A perfect extraction (all targets detected with no false detections) will have an effectiveness of 1. If the effectiveness reaches zero or becomes negative then the detections are no longer reliable or even useful since as many or more false detections are being made as there are real detections (this is equivalent to the hitting effectiveness in volleyball and other sports). We can see that the CLEANed image is still more effective than the raw image for source detection, although not as much as much better as the completeness would lead one to believe. This is because CLEAN is producing many more false sources at low flux levels than are detected in the raw coadd. This then leads us to the reliability statistic, defined as what percentage of detections are actually real detections:



Here we see that the reliability of the CLEANed image is lower than that of the raw coadd for flux levels below about 1 mJy, and then falls to unacceptable levels by 0.5 mJy. This is an unfortunate trade-off; while the CLEANed image is far more complete at these flux levels, in the course of finding the additional sources the source extractor finds a lot of artifacts as well. At such low flux levels this is an almost predictable behavior of CLEAN. The most common failing of the CLEAN algorithm is that it reconstructs diffuse, extended emission in the only way it can - as a set of point sources. Given the low spatial resolution, the large numbers of faint objects, and noisy images, the very faintest objects will appear similar to a diffuse background which CLEAN then reconstructs into a field of points, most of which are real, but many of which are not.
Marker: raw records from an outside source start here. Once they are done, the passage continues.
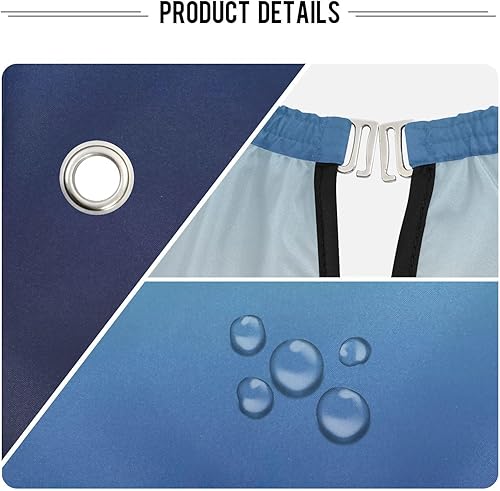 Miniatura 4 de Magic Glitter Rainbow Barber Cloth Cape Barber Shampoo Cape, Hair Cape for Haircuts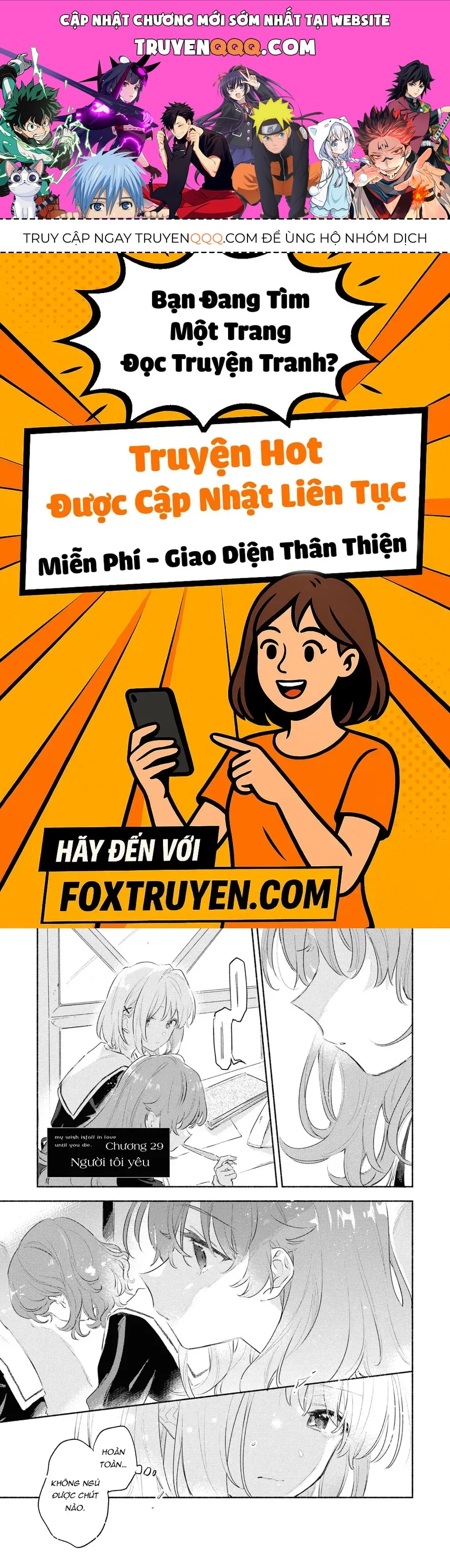 My Wish Is To Fall In Love Until You Die Chapter 29 - Trang 2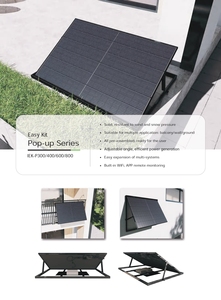 Tường gắn ban công có thể điều chỉnh năng lượng mặt trời ứng dụng nhà <span class=keywords><strong>PV</strong></span> hệ thống nhôm <span class=keywords><strong>Kit</strong></span> - Product Image 6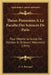 Theses Presentees A La Faculte Des Sciences De Paris: Pour Obtenir Le Grade De Docteur Es Sciences Naturelles (1874) by C. E. Bertrand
In particular, problems arise if two points are close enough so as to produce only a single, extended peak. For a noiseless image this corresponds to the Rayleigh limit, however the presence of noise widens this. CLEAN will necessarily reconstruct such an object as a single point with extended emission; only injection of an image prior (which we don't have) will solve this problem. Initial experiments with altering the CLEAN parameters (gain, # of iterations) have shown that as expected one trades completeness for reliability; while reliability can be increased by decreasing the number of iterations and thereby decreasing the artifacting, there is a corresponding drop in completeness. Additional tuning will be necessary to evaluate the true performance of the algorithm.

3. Photometric Accuracy

The next figure presents the photometric accuracy of the true extracted sources. The actual zeropoint of the magnitude difference is arbitrary, since in both cases a constant was added to offset the input fluxes to the measured simulated fluxes. The accuracy of the fluxes derived from the CLEAN image are higher than those in the raw coadd.



DAOPHOT appears to be consistently overestimating the brightness of the faint sources. This is particularly apparent in the raw coadded frame. If we assume that the bright sources have been extracted accurately (which seems likely, given the low scatter), then it has overestimated the brightness of every detection. Joe's work with the truthlist has indicated that this is probably a result of blending; since the galaxy-galaxy correlation is strong in this simulation, it is likely that at low flux levels DAOPHOT is measuring flux from more than one galaxy inside the apertures. In the CLEANed image this scatter is somewhat more random, and is considerably tighter (sigma=0.30 vs. 0.35), and is probably a result of CLEAN helping clear up some of the confusion. At flux levels of 0.5 mJy the uncertainty seems to be around 0.2 magnitudes.

4. Positional Accuracy

Both methods produce similar results for positional accuracy. The average uncertainty in position is about 3" at 0.5 mJy for both methods. Given that this is 1/5 of a WIRE detector pixel, it is unlikely that much better can be achieved.